Let’s look at the goals involved in bidding for a house. First, the goals of the seller: firstly to have the house sell at all, secondly to have it sell for as much as possible, and thirdly to have it sell soon. The goals of the seller’s agent are identical, since the agent only makes the commission if the house sells, makes the most commission if the house sells for the most money, and they can move on to the next house only when this house sells, so they want it sold soon. (Maybe they would switch goals 2 and 3, preferring to have it sell sooner at a lower price, since they only suffer 3% of the lost sale price.)

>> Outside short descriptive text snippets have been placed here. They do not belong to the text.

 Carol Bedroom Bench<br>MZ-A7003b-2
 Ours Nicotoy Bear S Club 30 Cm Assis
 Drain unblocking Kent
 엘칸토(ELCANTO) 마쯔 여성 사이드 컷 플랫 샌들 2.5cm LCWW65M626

The goals of the buyer’s agent are identical to those of the seller’s agent: have their client actually be the one who purchases the house (requiring a very high bid), have the house sell for the most money (to make the highest commission), and have their client buy a house sooner rather than later (meaning bid more right away). The only person with different goals is the buyer, who wants to spend little as possible (e.g., not pay $50k more than necessary).
So there’s really no conflict of goals between the seller’s agent and the buyer’s agent, and they may as well be the same person. In fact, the combined agent will have extra incentive to sell to their own client, since they will make double the commission, so they may even lower the commission to 5% if the seller agrees to accept their client’s bid. The seller wins (he pays a lower commission), the agent wins (he gets 5% instead of 3%), and the buyer wins (he gets the house). The other buyers lose, but it’s their fault for not hiring the seller’s agent first.

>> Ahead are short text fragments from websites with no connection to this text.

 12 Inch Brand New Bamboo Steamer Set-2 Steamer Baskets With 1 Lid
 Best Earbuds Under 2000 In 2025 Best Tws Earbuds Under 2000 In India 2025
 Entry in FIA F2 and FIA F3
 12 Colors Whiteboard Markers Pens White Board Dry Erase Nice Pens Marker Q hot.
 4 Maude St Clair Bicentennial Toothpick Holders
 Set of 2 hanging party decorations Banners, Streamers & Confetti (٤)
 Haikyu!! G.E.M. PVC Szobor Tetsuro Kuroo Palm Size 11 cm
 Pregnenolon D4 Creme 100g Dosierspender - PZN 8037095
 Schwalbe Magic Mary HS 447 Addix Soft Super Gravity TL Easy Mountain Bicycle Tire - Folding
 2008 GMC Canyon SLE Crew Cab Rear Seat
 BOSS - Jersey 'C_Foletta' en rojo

There’s another advantage to hiring the seller’s agent: there’s no fooling yourself about whose side he’s on. Buyers often believe that their agent is somehow on their side; that their agent’s goals are the same as their own. But the buyer’s agent is actually on the side of the seller, and hiring a single agent makes that perfectly clear.
Jennifer raises the objection that the double-ending agent will be tempted to lie. For example, if their client’s bid is $750k, and that’s the highest they can afford, and a competing bid comes in for $760k, the agent could silently drop that bid into the trash. No one involved would know, and the agent would be $15k richer. (The seller would be $2k poorer.) Would an agent break the law for $15k? Sure. The loser in that case is the seller, so it’s up to him to make sure he’s there when all bids are submitted.
(There may be other problems I don’t know about. For example, what happens if there’s a genuine disagreement during the escrow process? Whose side would the agent take? Probably the seller’s, so the buyer takes a risk in doing this.)
So far we have our own buyer’s agent, but we keep getting advice to drop our agent and just hire whatever agent is selling the house we’re interested in. I don’t know if we’ll have the guts to do this. Maybe we need to lose a few more bids first. But the analysis is interesting anyway.